Advent calendars are no longer just for Christmas, apparently.

Those who look forward to 4/20 each year can count down to the high holiday with an advent calendar full of cannabis.

Made by CannaCalendar, a packaging company specializing in the cannabis industry that sells its products to dispensaries and websites, the calendars are being marketed by the company as a gift for anyone who celebrates the April 20 event.

The calendars are illustrated with brightly coloured weed-themed versions of characters including Luke Skywalker, Harley Quinn, Spock and Steve Urkel.

Two of the minds behind the project admit the idea came to them while high.

"Well, we are advocates," laughed Michael Landon.

Once purchased, staff at dispensaries and websites across Canada will fill the numbered sections with different strains of weed of their choosing. The "420 Bud Party Countdown" calendar has space for 20 half-gram samples. A list of retailers will be available on CannaCalendar's website.

"So a lot of the dispensaries might be higher end, so they're going to put higher-end pot in there," Tyler Kiren said.

The stores will then set their price depending on product, but CannaCalendar's Bobbi Hopeful estimates they'll retail for between $99 and $140.

"With over 800 named strains, each with different psychoactive and medicinal effects – effects which depend just as much on the individual user – those new to cannabis are advised to try out as many strains as possible in order to find the right one for their individual needs," Hopeful said.

The 4/20-themed calendar comes just months after a similar Christmas version sold out. Those behind the joint venture said they're already planning ahead to next year, with hopes to launch a Valentine's Day advent calendar for couples.

Vancouver-based Coast to Coast Medicinals also sold a cannabis advent calendar at Christmas for between $200 and $300, and had about 100 pre-orders by mid-November.
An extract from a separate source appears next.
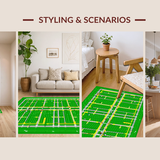 Whimsical Town Design for Kids(Green)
With products available for purchase online, many have previously raised concerns about ensuring buyers are at least over the age of 19.

"Even though it is kind of playful, we don't want to attract kids in any way," Landon said.

Hopeful said sites often ask shoppers to click a button saying they are of age before being allowed to enter the site, and some will ask after purchase for a buyer to send a photo and an image of their ID before confirming the purchase.

Some sites have an age restriction of 21 based on guidelines including those from the Canadian Psychiatric Association. 

The CPA and Canadian Medical Association both urged the federal government to ban sale of cannabis to those under 21 due to increased health risks, as the brain continues to mature until the mid-20s.

Research suggests cannabis use interferes with brain development in a number of negative ways, the organizations say, including aspects of cognition, risk of primary psychotic illness and an increased likelihood of dependence.